* [EXERCISE INSTRUCTIONS] With all images omitted, write out the records word for word.

[Scraped caption text data]
..........

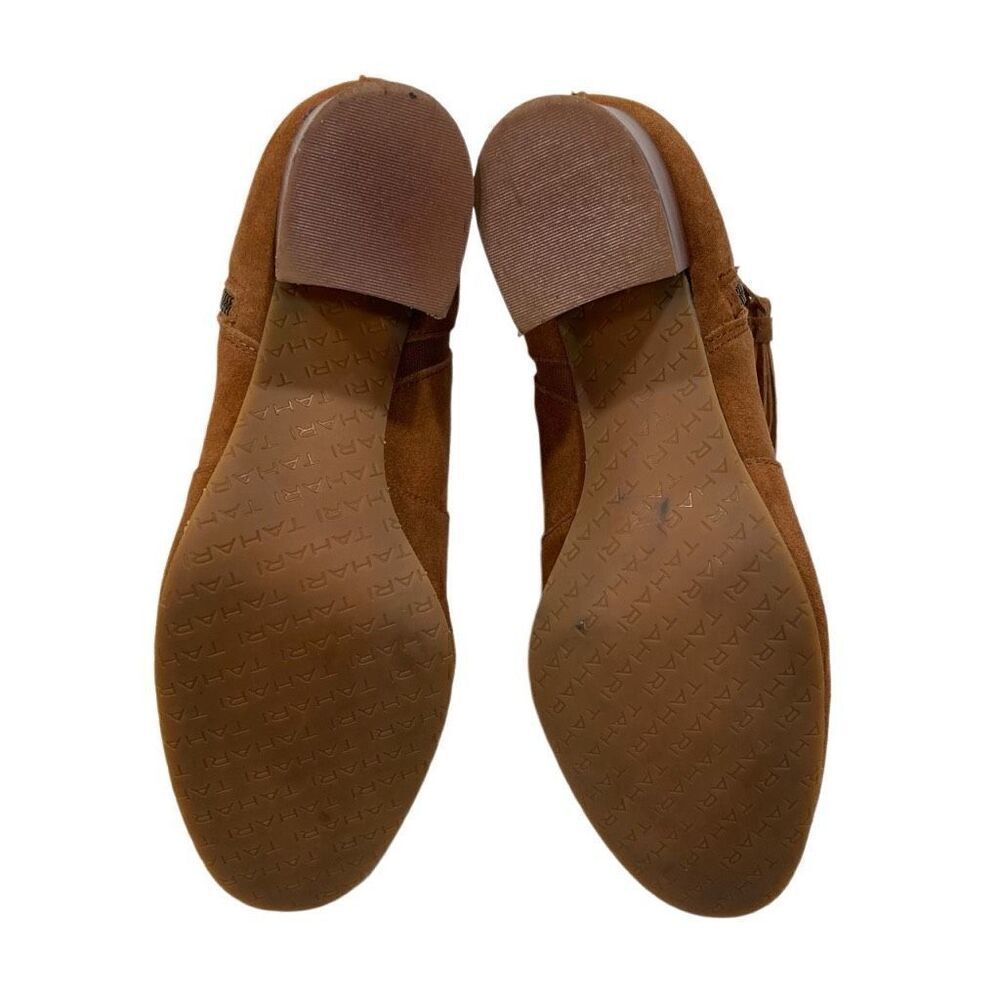 TAHARI ‘Josie’ Suede Boots (Sz 9) - Picture 8 of 8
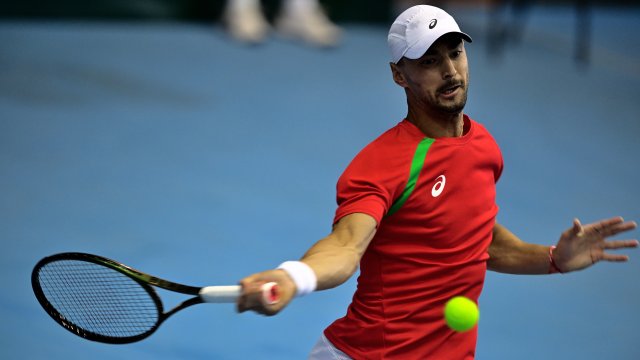 Димитър Кузманов стана вторият български тенисист който стигна до последния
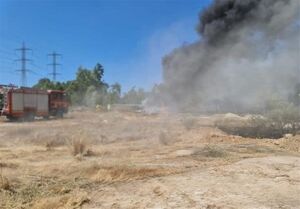  شمال فلسطین اشغالی طعمه آتش شد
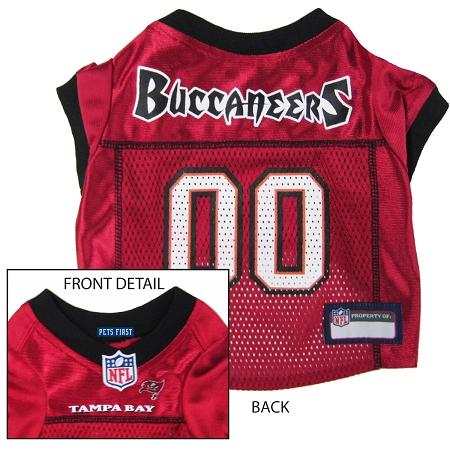 Tampa Bay Buccaneers NFL Dog Jersey - Medium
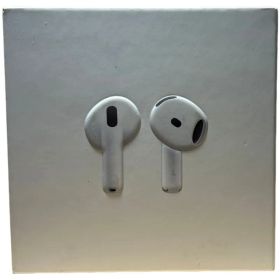 Apple AirPods 4 MXP63LL/A ホワイト 家電 電化製品 【新品】 12605K373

..........

* [EXERCISE RESULT]
 TAHARI ‘Josie’ Suede Boots (Sz 9) - Picture 8 of 8
 Димитър Кузманов стана вторият български тенисист който стигна до последния
  شمال فلسطین اشغالی طعمه آتش شد
 Tampa Bay Buccaneers NFL Dog Jersey - Medium
 Apple AirPods 4 MXP63LL/A ホワイト 家電 電化製品 【新品】 12605K373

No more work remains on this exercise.